Your credit score isn't fixed forever. It moves — up or down — based on a few habits, most of which are in your control. The good news for anyone sitting at 650 and wishing they were at 750: six months of steady, honest effort really can shift it. No tricks. No "credit repair agent" who promises miracles for a fee. Just the basics, done consistently.
1. Pay every bill on time — automate it
Payment history is the single biggest factor in your score. One missed EMI or credit card due date can knock off 50–80 points, and a default stays on your report for years. The fix is boringly simple: set up UPI Autopay or eNACH on every loan and card so the money leaves your account automatically on the due date. You never have to remember, and you never have to pay a late fee.

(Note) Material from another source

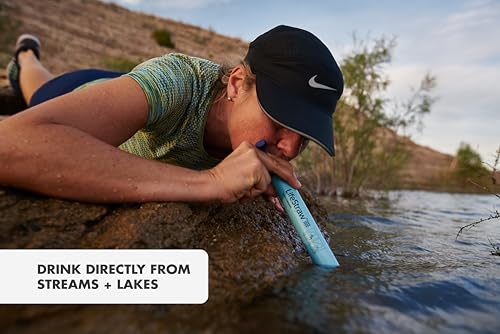 LifeStraw Personal Water Filter 2 Pack for Hiking Travel Emergency Blue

2. Keep your credit card usage low
If your credit card limit is ₹50,000, try not to let your spending sit above ₹15,000–₹20,000 at statement time. This is called your "credit utilisation ratio", and lenders read a high number as a sign of stress. A good rule: keep usage under 30% of your limit. Paying the bill twice a month, instead of once, is an easy way to keep the reported balance low.

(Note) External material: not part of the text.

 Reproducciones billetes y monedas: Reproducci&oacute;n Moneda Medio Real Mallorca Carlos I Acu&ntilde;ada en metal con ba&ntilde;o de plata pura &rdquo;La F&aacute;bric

3. Don't apply to many lenders at once
Every time you formally apply for a loan or card, the lender does a "hard inquiry" on your report, and each one nicks your score slightly. Five applications in one week tells lenders you're desperate for money. Apply only where you're reasonably sure you qualify — and use platforms (like LoanDidi) that run a soft check first, which doesn't hurt your score at all.

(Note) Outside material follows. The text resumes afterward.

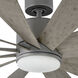 Windflower 60 inch Graphite and Weathered Gray with Weathered Gray Blades Downrod Ceiling Fan in 2700K, Graphite Weathered Gray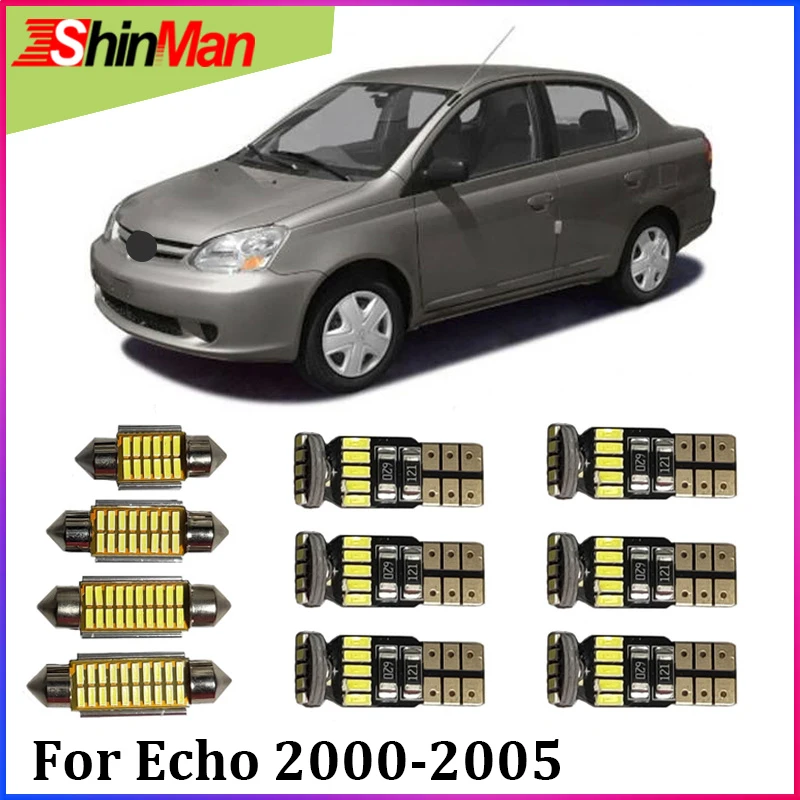 

ShinMan 5x Error Free Reading light Car Light Interior light LED kit For Toyota Echo LED Interior Package 2000-2005 Accessories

4. Don't close your oldest accounts
The length of your credit history matters. That old card you never use? Keeping it open (with a small recurring spend and autopay) quietly lengthens your history and adds to your available limit — both good for your score. Closing it can do the opposite.
5. Check your report and fix errors
You're entitled to one free credit report a year from each bureau. Pull it from cibil.com (or apps like Paytm or CRED) and read it carefully. Mistakes are common — a loan you closed showing as "open", or someone else's default on your file. Dispute errors directly with the bureau; getting one wrong entry removed can lift your score noticeably.
"You don't need to be rich to have a great credit score. You need to be regular. Small payments, made on time, every single month — that is the whole secret." — Didi
Six months from now, the difference between a 650 and a 720 score could be the difference between a loan that costs you ₹500 in interest and one that costs ₹5,000. The habits above are free. Start this month.